Este fin de semana conocí a Alberto. Un gran freak. Tiene un problema en las piernas y camina con muletas. Le cuesta, suda, se cansa. Recorre el pueblo con ellas. Yo le acompañe porque me cayó bien. Me cayó muy bien, de hecho. Tuvimos una buena charla. Freaks que imponen su diferencia en sus propios cerebros, se reconocen y se reconfortan. Se reconocen y discrepan, escépticos. No nos creemos nada, la tierra es plana. La sencillez, la falta de disputas. Eso es otra cosa. Eso es para las vacas (con perdón).

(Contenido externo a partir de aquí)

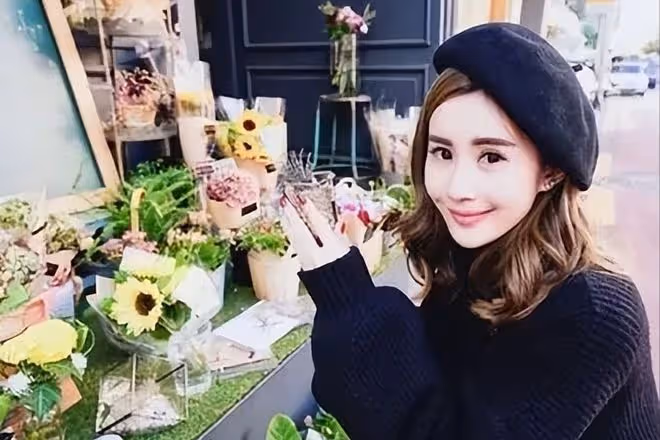 「洗頭妹」韋雪的奇葩人生:憑兒子賺9個億,被思聰直呼高級玩家
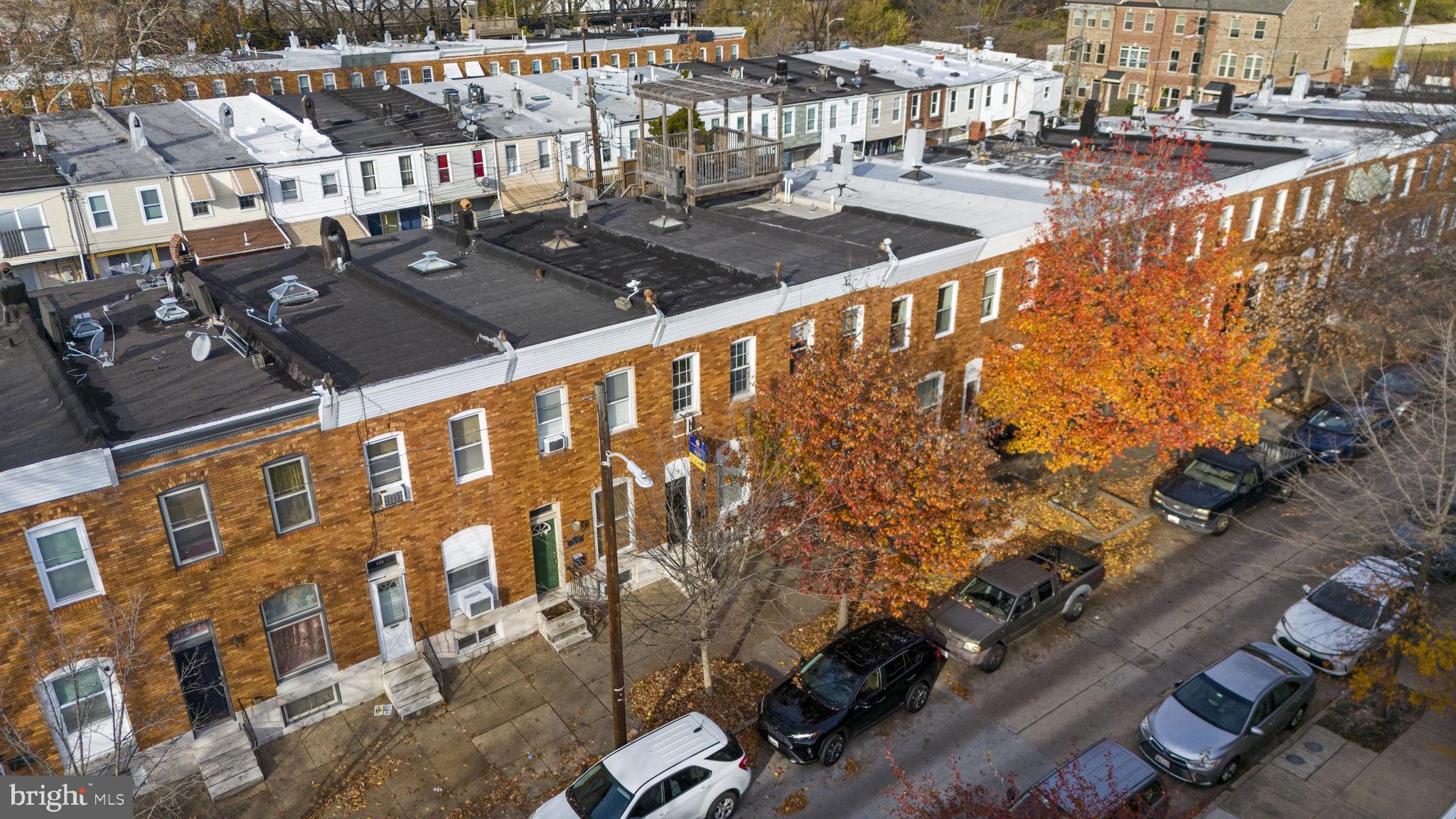 GREEKTOWN - Residential Lease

No es fácil no tener tan claro a dónde vas. No hace la vida sencilla, precisamente.

En el centro de todo orbita la ineficacia, realmente. Ineficaces para no ver y seguir el rumbo dado sin chistar. No somos mejores. Somos más estúpidos, seguramente. No sé si hago bien, no sé hacer otra cosa.

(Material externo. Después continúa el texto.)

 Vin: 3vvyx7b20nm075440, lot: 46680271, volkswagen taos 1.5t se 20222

Porque aunque no existe el recuerdo, el deseo o la necesidad es cierto que no existe vida sin mística, y cada cual tiene la suya. La realidad es un bicho aséptico que no huele a nada, que no sabe a nada, transparente, anodino. Me repliego en la filosofía, es cierto. Lo sé.

Me niego a pensar que mis sentimientos son vacío en un universo semivacío. Me niego a pensar que son tan relativos y contractuales como todo lo demás. Me niego a pensar que si las cosas son de otro modo todo será de otro modo. Me niego a pensar que no significan nada. Me niego, rotundamente, a pensar que puedo abandonarlos como si fueran unos calzoncillos especialmente molestos.

No, no es así, son y están. Estarán siempre. Todo cambiará, menos eso. Todo será de otro modo, seré feliz en algún momento como nadie lo ha sido. No será hoy, precisamente, pero será. Y aún así no habrá cambiado nada.